BEGIN

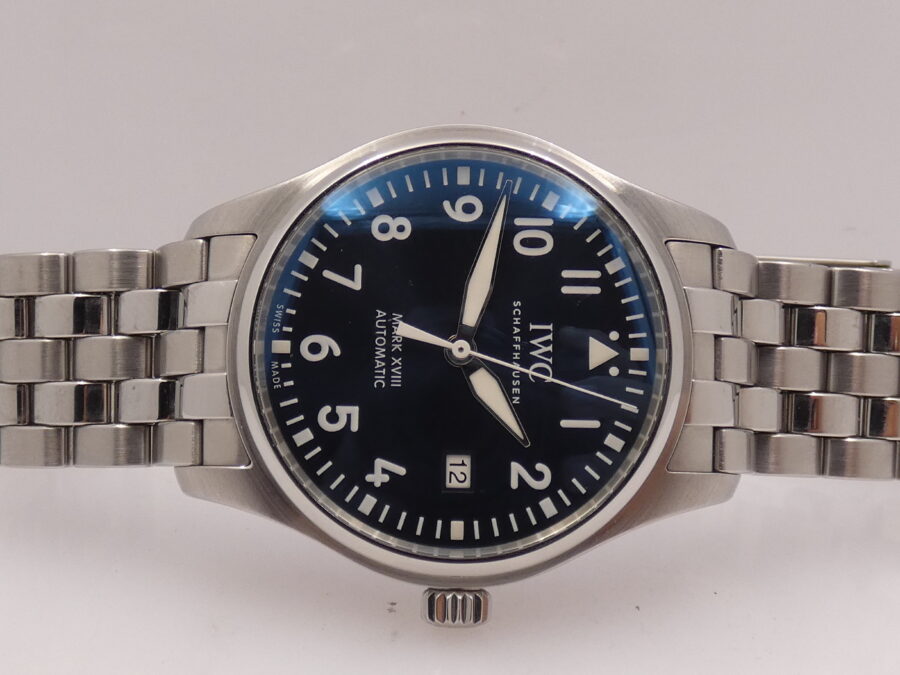 IWC Pilot Mark XVII IW327014 WITH PAPERS Anno 2018 Automatico Braccialato Edizione 'Le Petite Prince' - immagine 7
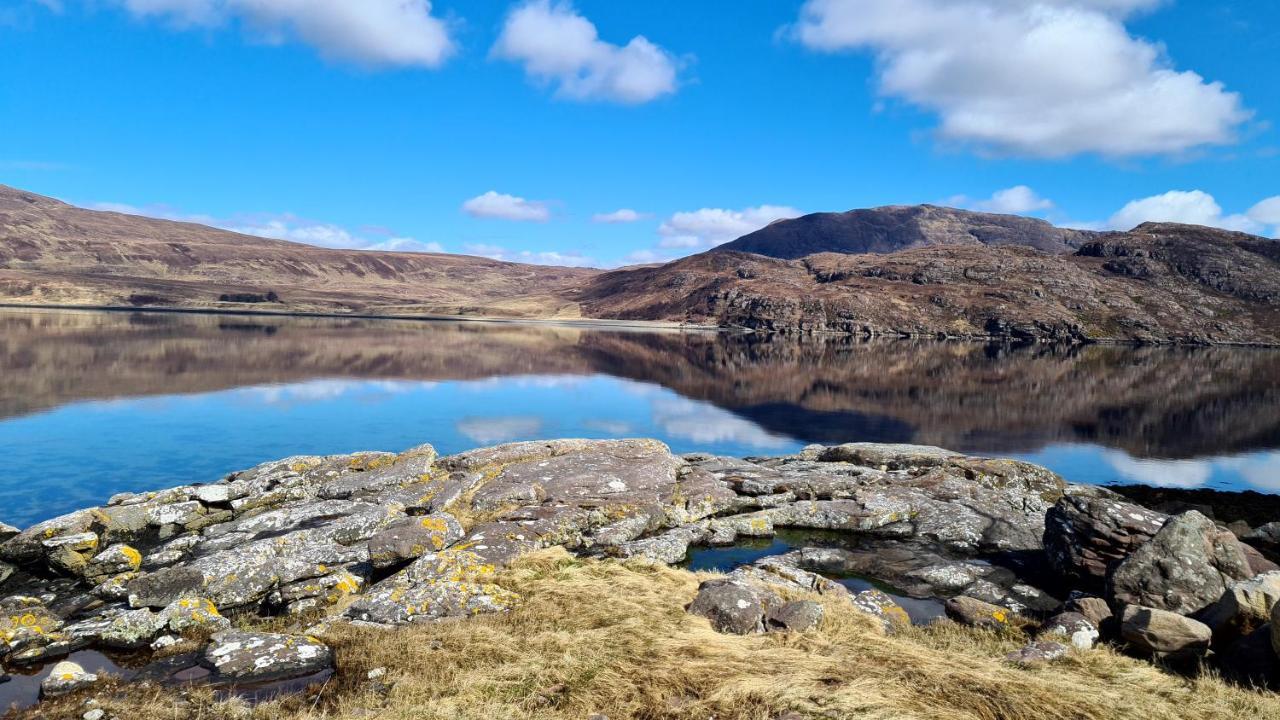 The Bay ,Luxury Shepherds Hut, Dundonnell Esterno foto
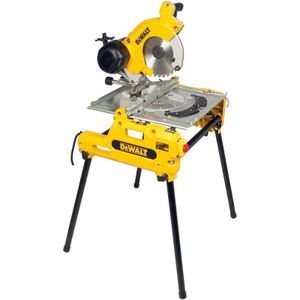 DeWALT DW743N-QS afkort/tafelzaagmachine 2.000W 250mm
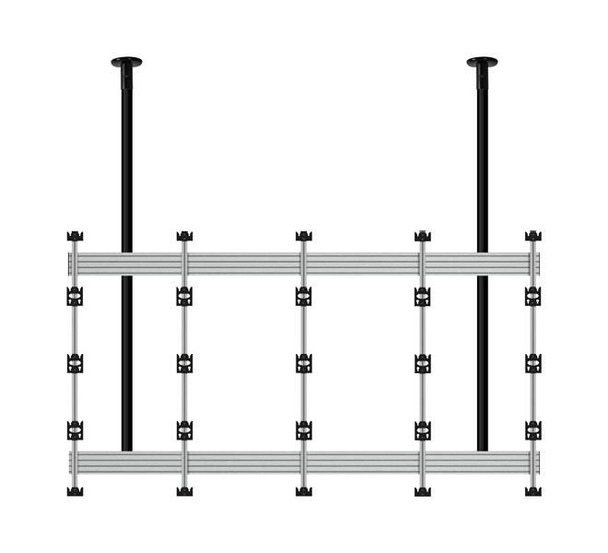 B-Tech BT93INFWP-C-4X4/SB Ceiling Mount for INFiLED WP BT93INFWP-C-4X4/SB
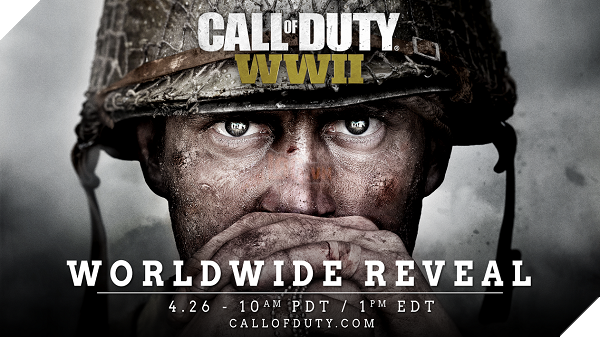 Call of Duty: World War II được xác nhận cho năm 2017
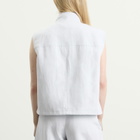 Samsøe Samsøe Women's Sakaila Parachute Vest in Gray Dawn Melange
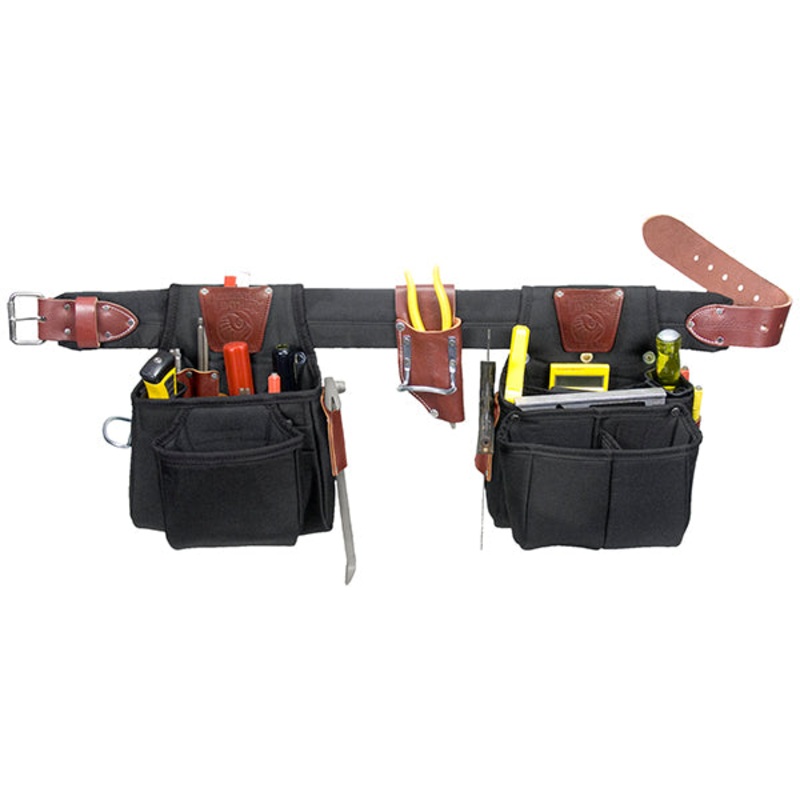 OCCIDENTAL LEATHER The Finisher Tool Belt Set - Left Handed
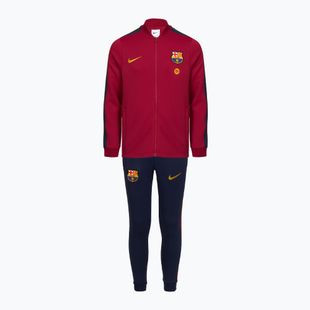 Детски футболен анцуг Nike FC Barcelona Strike Dri-Fit Soccer Knit noble red/blackened blue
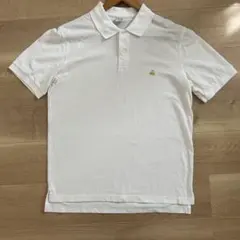Brooks Brothers ホワイト ポロシャツ Lサイズ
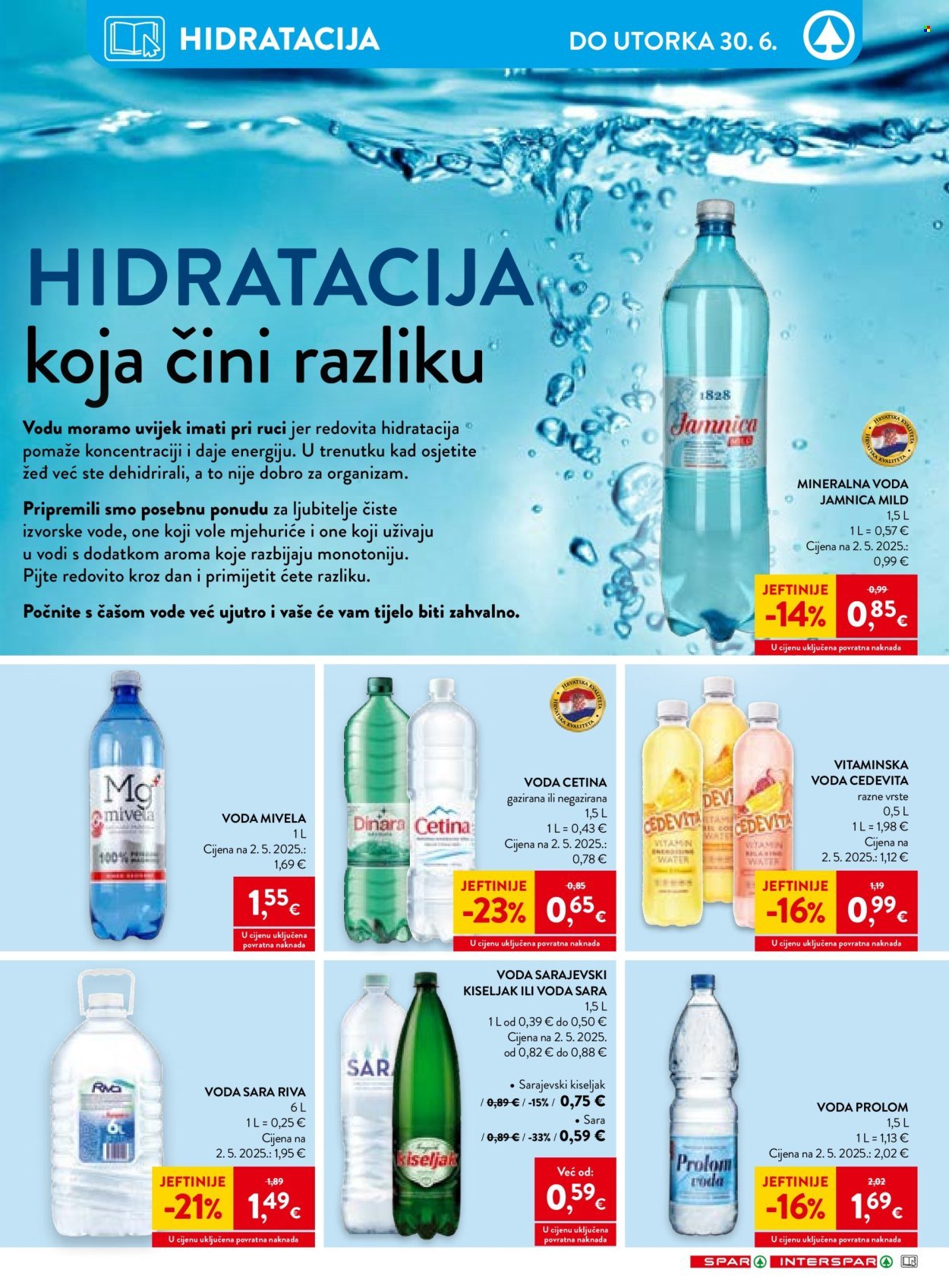 INTERSPAR katalog - Kupuj kao prvak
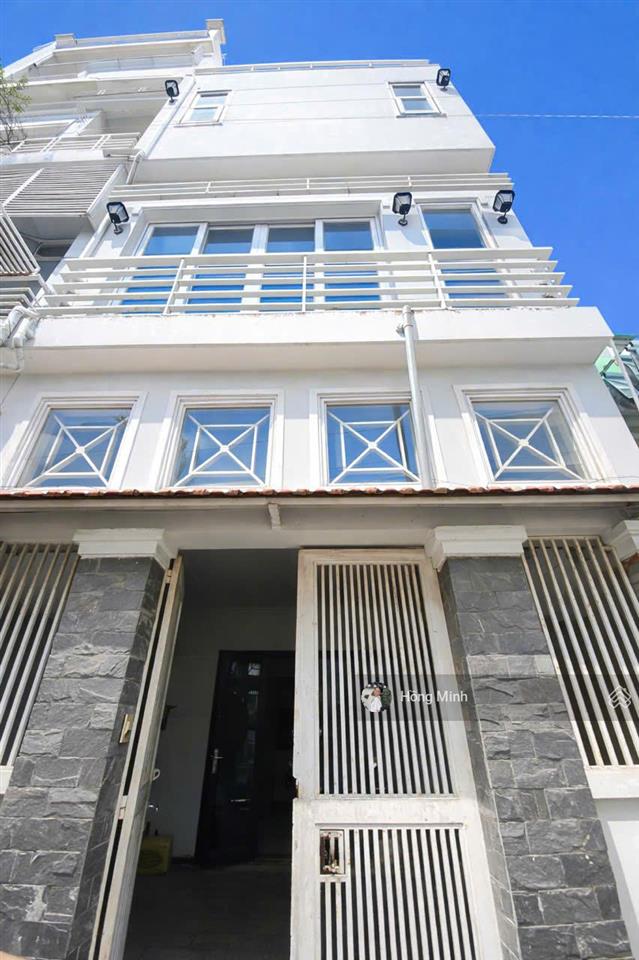 Bán nhà hẻm trần mai ninh, p.12, tân bình, dt 4x16m  4 tầng  giá 6.49 tỷ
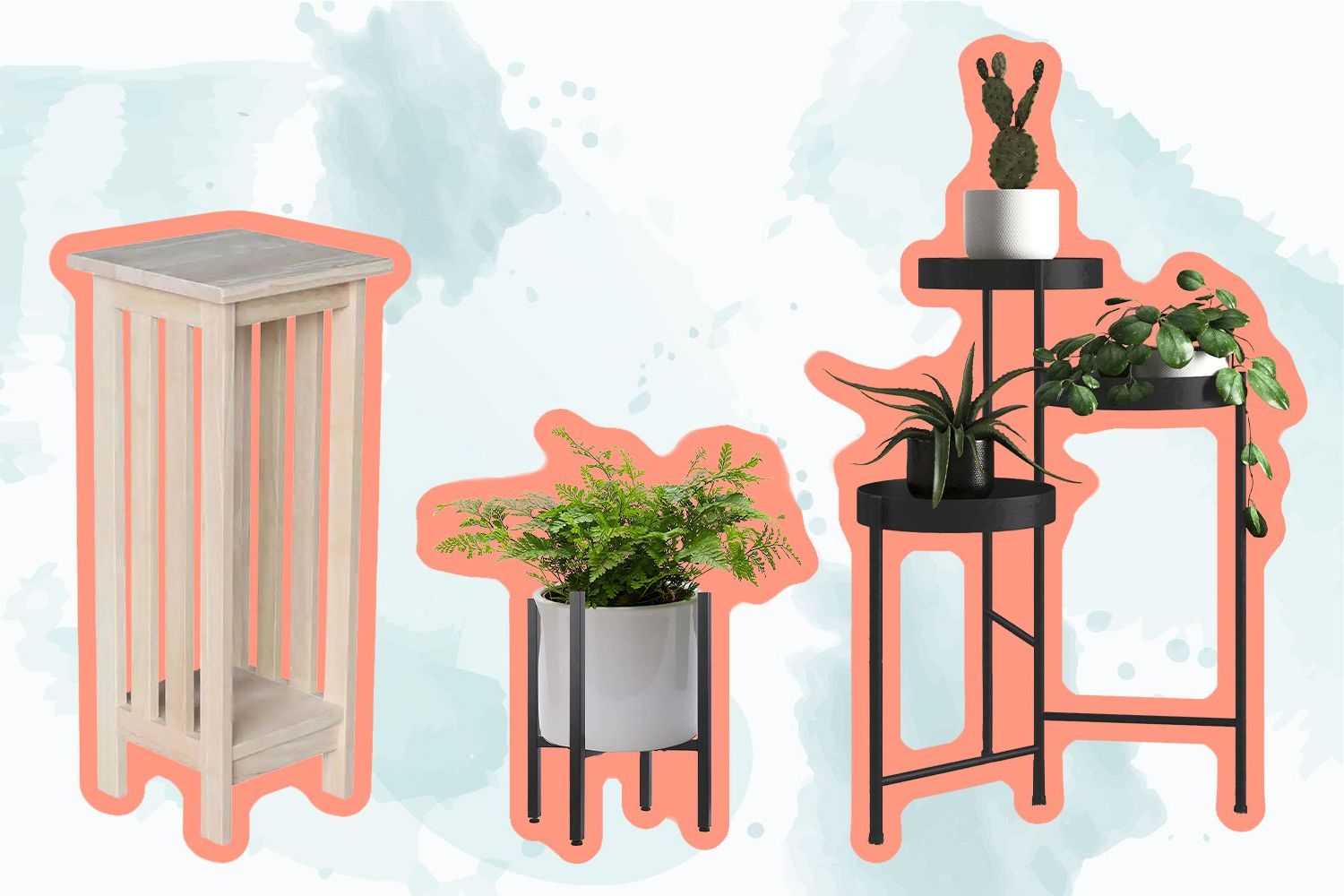 Trendy The 9 Best Plant Stands Of 2023 Within Unfinished Plant Stands (View 13 of 15)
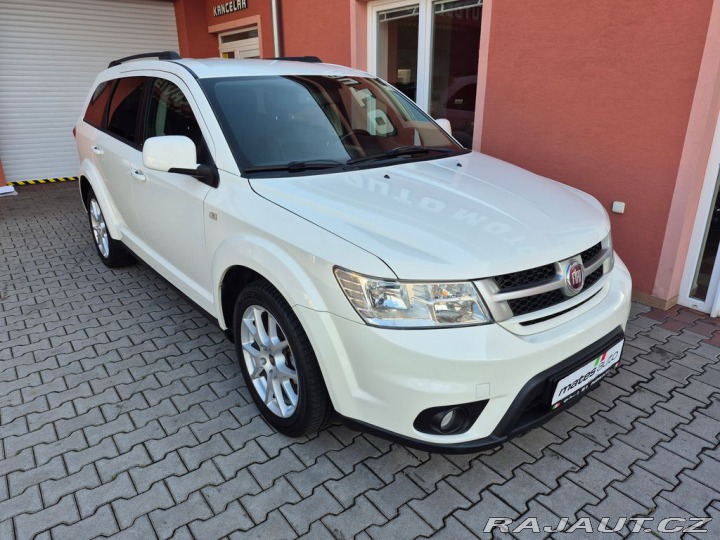 Fiat Freemont 2.0 Multijet Urban 125 kW 2012
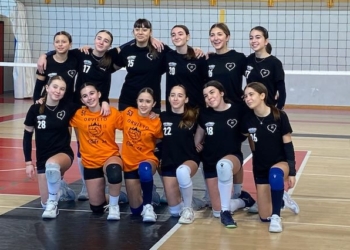 Orvieto Volley, missione compiuta: Arrone si arrende alla forza delle ragazze di Petrangeli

END

What you should do » Your task is to retype exactly the lines that run from the line with "DeWALT DW743N-QS afkort/tafelzaagmachine" through the last line of the material, with the pictures left out.

Output of the task »
 DeWALT DW743N-QS afkort/tafelzaagmachine 2.000W 250mm
 B-Tech BT93INFWP-C-4X4/SB Ceiling Mount for INFiLED WP BT93INFWP-C-4X4/SB
 Call of Duty: World War II được xác nhận cho năm 2017
 Samsøe Samsøe Women's Sakaila Parachute Vest in Gray Dawn Melange
 OCCIDENTAL LEATHER The Finisher Tool Belt Set - Left Handed
 Детски футболен анцуг Nike FC Barcelona Strike Dri-Fit Soccer Knit noble red/blackened blue
Brooks Brothers ホワイト ポロシャツ Lサイズ
 INTERSPAR katalog - Kupuj kao prvak
 Bán nhà hẻm trần mai ninh, p.12, tân bình, dt 4x16m  4 tầng  giá 6.49 tỷ
 Trendy The 9 Best Plant Stands Of 2023 Within Unfinished Plant Stands (View 13 of 15)
 Fiat Freemont 2.0 Multijet Urban 125 kW 2012
 Orvieto Volley, missione compiuta: Arrone si arrende alla forza delle ragazze di Petrangeli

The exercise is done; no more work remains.